(Web page caption snippets)
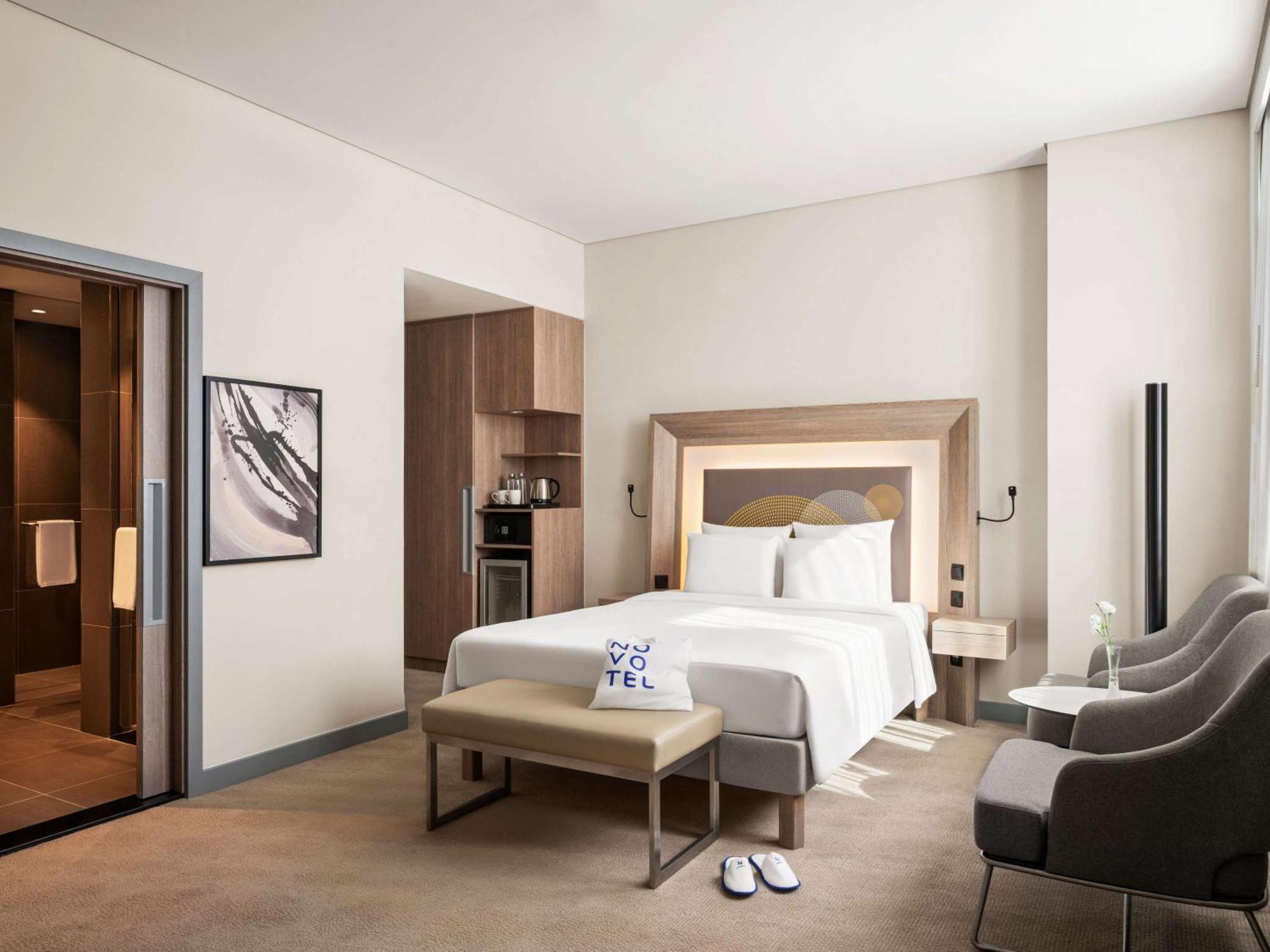 Novotel Bur Dubai - Healthcare City Esterno foto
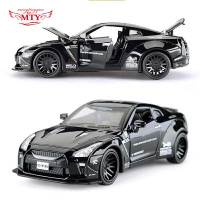 ของเล่นรถจำลองขนาด1/32แบบจำลองการเก็บรวบรวมโลหะผสมสำหรับเด็ก NISSan GTR รถสปอร์ต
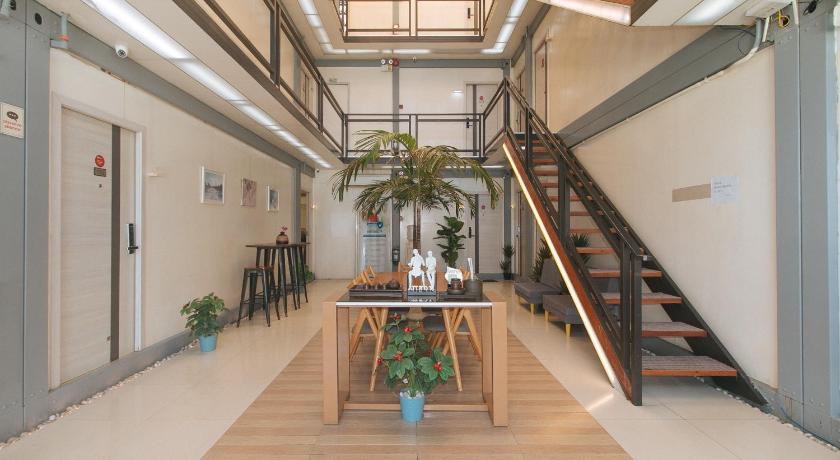 セブ RedDoorz Plus @ AS Fortuna Cebu 2つ星 ホテル 眺望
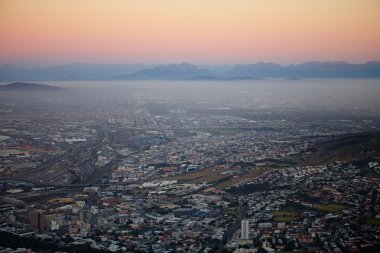 cityscape şafakta güzel görünümü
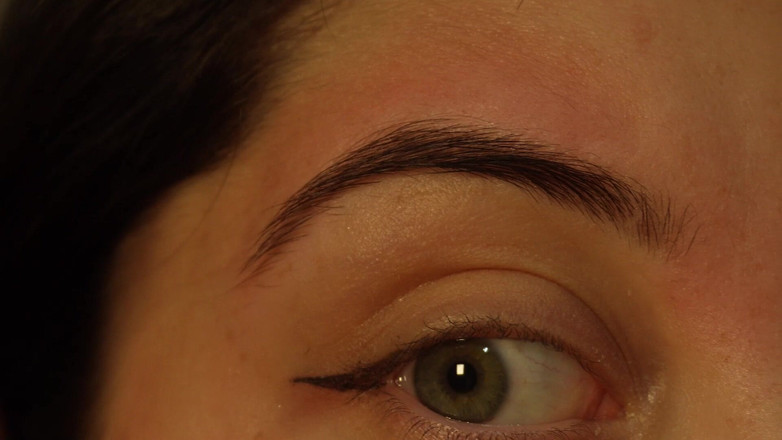 AmayaMori: Kaş cımbızla kaşlarımı ekstra yakın çekeceğim, böylece iyi görünüp eğleneceğim:)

### Exercise description:
Nothing but the records above, retyped exactly and stripped of images, should appear in the answer.

### Answer to the exercise:
 Novotel Bur Dubai - Healthcare City Esterno foto
 ของเล่นรถจำลองขนาด1/32แบบจำลองการเก็บรวบรวมโลหะผสมสำหรับเด็ก NISSan GTR รถสปอร์ต
 セブ RedDoorz Plus @ AS Fortuna Cebu 2つ星 ホテル 眺望
 cityscape şafakta güzel görünümü
 AmayaMori: Kaş cımbızla kaşlarımı ekstra yakın çekeceğim, böylece iyi görünüp eğleneceğim:)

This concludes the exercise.